++++ Exercise input

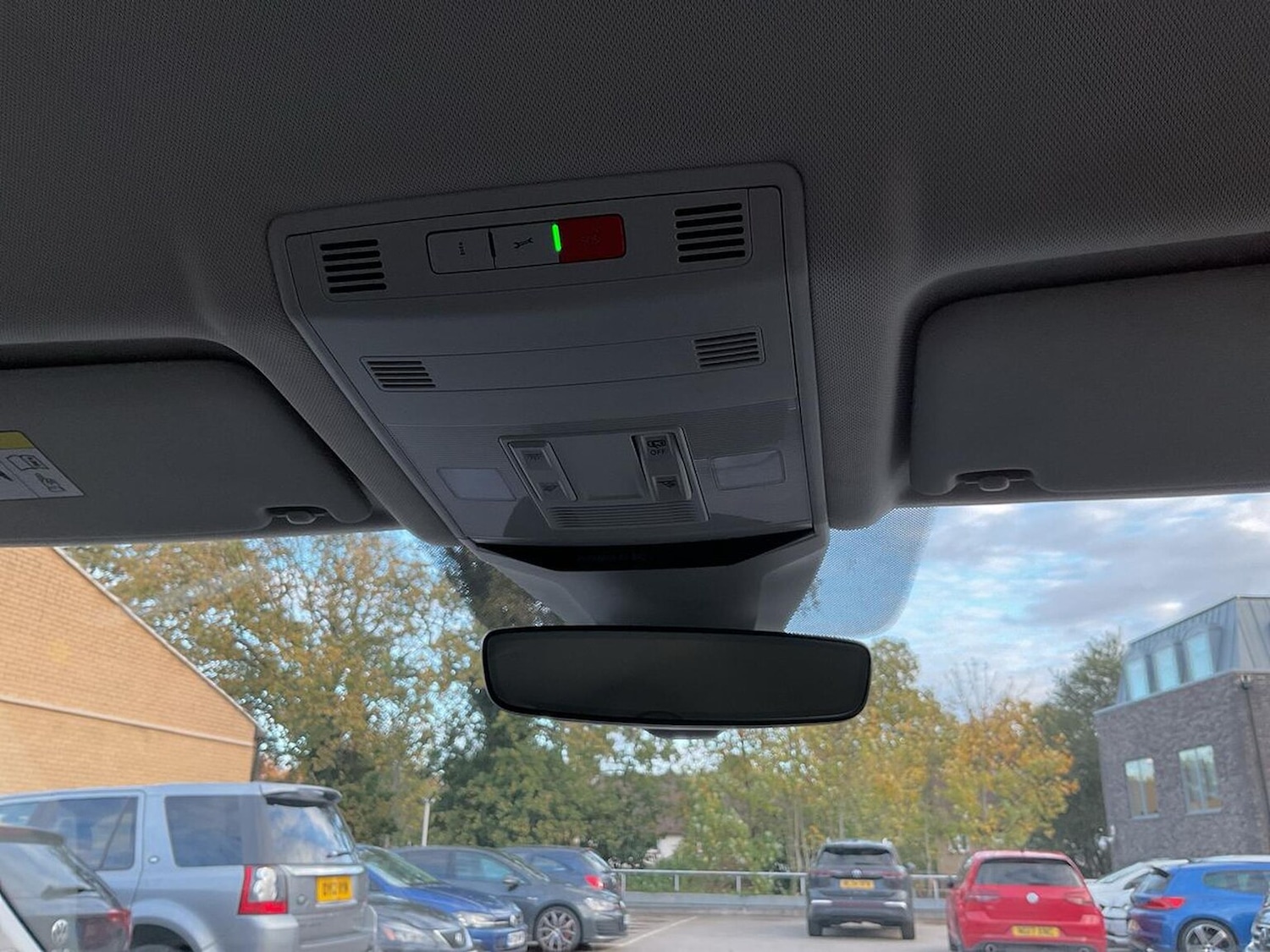 Used Volkswagen T-Roc 2024 for sale - 76396967: Photo 14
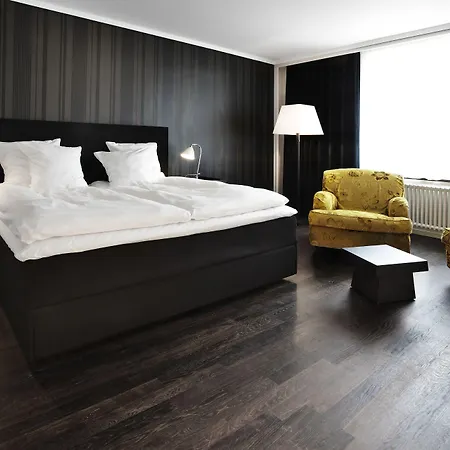 First Grand Szálloda 4*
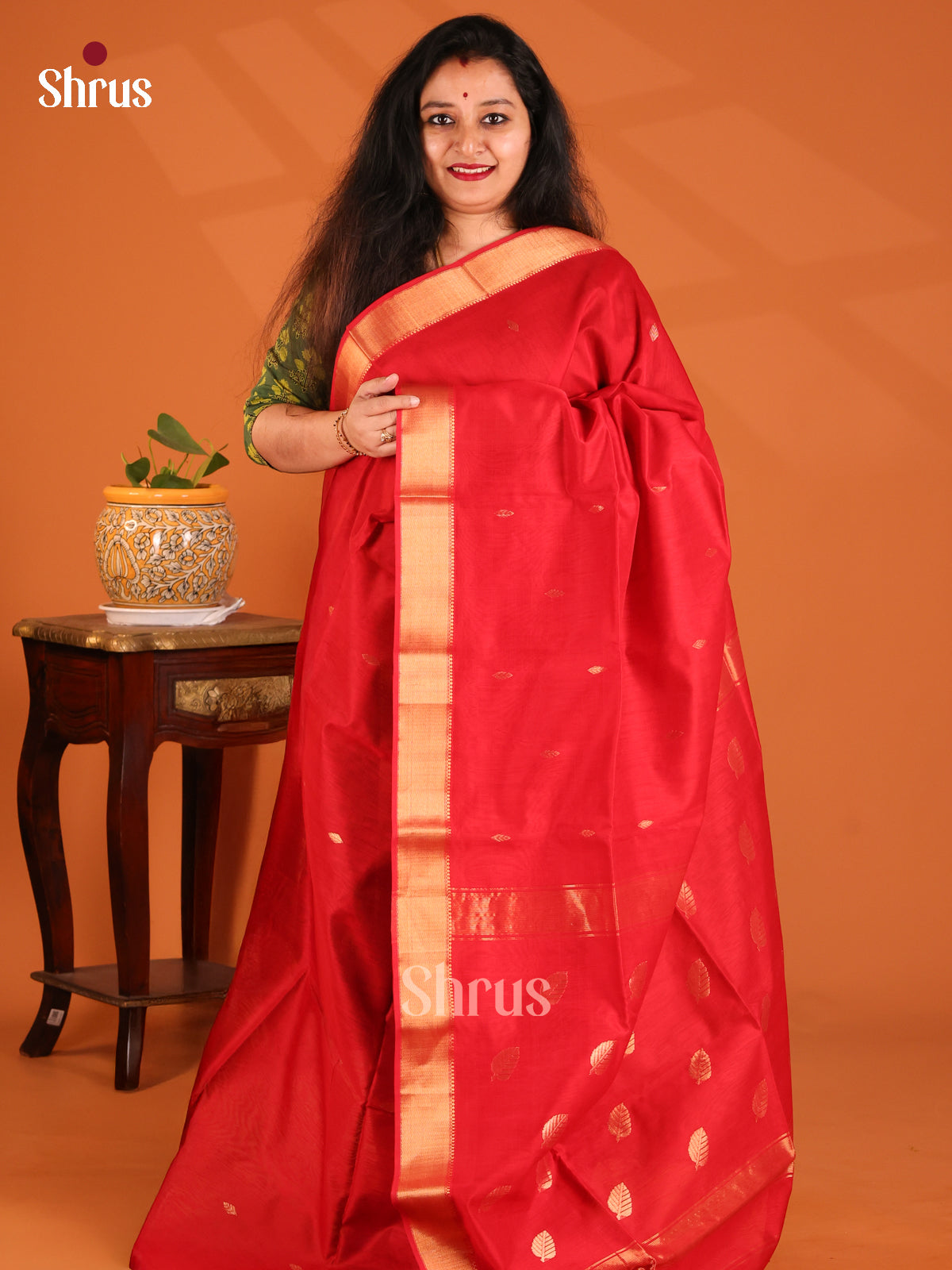 Red(Single Tone)- Maheshwari silkcotton Saree - Shop on Shrus.com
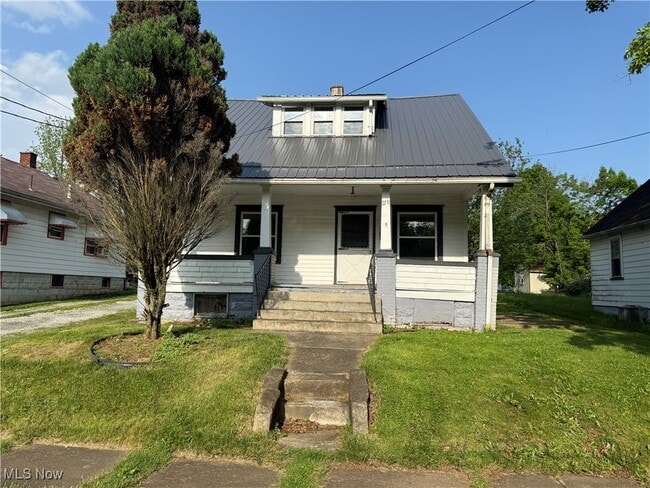 property at 210 Perry St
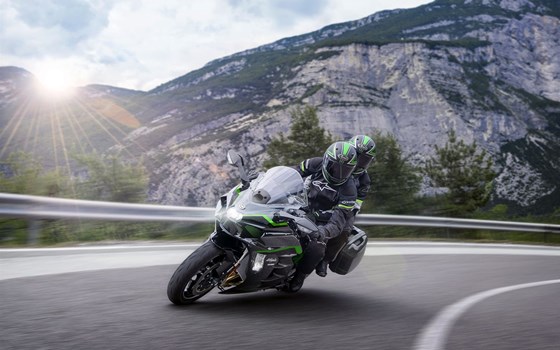 Neufahrzeug Kawasaki Ninja H2 SX SE - Bild 10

++++++++

▸ Assignment
All that should appear in the response is the run of lines from the one with "First Grand Szálloda 4*" through the final line of the records, restated exactly, with pictures omitted.

▸ Solved exercise
 First Grand Szálloda 4*
 Red(Single Tone)- Maheshwari silkcotton Saree - Shop on Shrus.com
 property at 210 Perry St
 Neufahrzeug Kawasaki Ninja H2 SX SE - Bild 10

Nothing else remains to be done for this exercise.